── DATA SUPPLIED ──

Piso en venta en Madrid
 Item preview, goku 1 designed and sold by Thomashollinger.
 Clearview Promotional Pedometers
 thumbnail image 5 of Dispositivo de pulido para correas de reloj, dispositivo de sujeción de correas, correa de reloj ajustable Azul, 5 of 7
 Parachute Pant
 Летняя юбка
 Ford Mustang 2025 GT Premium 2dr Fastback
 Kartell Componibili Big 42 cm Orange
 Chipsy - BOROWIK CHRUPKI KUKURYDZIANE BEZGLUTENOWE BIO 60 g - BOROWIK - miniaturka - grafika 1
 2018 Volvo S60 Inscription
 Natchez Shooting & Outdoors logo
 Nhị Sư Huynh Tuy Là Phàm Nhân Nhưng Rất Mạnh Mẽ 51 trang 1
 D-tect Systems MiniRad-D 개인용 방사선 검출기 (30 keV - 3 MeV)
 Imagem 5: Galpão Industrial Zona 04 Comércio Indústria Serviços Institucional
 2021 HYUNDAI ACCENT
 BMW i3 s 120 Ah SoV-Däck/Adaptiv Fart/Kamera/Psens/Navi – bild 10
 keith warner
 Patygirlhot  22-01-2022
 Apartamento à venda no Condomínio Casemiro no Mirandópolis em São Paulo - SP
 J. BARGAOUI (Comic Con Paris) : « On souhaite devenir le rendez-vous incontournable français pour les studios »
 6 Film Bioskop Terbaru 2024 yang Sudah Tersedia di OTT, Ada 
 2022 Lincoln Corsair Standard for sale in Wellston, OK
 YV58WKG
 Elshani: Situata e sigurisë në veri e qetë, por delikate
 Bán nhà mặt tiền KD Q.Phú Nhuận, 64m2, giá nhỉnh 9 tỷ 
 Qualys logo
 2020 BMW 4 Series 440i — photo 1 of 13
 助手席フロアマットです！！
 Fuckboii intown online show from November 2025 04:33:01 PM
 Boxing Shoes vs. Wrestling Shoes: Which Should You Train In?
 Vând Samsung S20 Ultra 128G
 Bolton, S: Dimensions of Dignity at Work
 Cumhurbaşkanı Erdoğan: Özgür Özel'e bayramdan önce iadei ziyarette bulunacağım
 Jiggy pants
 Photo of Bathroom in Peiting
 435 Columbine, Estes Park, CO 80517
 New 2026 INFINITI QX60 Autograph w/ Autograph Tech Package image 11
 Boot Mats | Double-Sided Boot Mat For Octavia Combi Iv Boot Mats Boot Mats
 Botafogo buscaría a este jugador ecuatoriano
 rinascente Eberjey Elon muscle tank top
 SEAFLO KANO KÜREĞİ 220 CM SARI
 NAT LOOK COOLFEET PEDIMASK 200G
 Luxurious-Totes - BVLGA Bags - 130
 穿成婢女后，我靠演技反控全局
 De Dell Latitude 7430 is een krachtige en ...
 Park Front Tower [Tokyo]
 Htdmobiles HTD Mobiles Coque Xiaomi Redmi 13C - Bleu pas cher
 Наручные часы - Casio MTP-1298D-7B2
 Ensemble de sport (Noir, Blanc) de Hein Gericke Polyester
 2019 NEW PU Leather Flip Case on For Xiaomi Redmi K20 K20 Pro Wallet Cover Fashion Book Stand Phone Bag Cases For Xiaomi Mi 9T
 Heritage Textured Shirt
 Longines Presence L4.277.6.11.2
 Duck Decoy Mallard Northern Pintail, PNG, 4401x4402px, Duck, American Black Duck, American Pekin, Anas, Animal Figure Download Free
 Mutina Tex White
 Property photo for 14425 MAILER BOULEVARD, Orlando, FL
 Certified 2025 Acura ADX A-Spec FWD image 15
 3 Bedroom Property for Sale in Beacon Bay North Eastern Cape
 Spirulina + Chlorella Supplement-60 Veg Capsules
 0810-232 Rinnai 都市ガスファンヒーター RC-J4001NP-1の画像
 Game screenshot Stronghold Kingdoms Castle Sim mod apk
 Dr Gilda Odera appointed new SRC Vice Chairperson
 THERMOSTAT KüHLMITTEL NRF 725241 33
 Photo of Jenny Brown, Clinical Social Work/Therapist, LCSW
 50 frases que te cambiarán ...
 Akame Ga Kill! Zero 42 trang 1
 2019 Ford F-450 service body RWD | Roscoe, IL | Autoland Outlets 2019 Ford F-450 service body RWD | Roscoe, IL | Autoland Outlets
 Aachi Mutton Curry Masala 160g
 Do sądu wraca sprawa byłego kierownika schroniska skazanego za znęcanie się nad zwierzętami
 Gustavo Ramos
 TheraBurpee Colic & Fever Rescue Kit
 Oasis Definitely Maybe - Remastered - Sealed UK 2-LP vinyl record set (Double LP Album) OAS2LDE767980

───

→ **EXERCISE PROMPT**:
If a line in the records contains "Redmi", report it.

→ **REPLY TO THE TASK**:
 Htdmobiles HTD Mobiles Coque Xiaomi Redmi 13C - Bleu pas cher
 2019 NEW PU Leather Flip Case on For Xiaomi Redmi K20 K20 Pro Wallet Cover Fashion Book Stand Phone Bag Cases For Xiaomi Mi 9T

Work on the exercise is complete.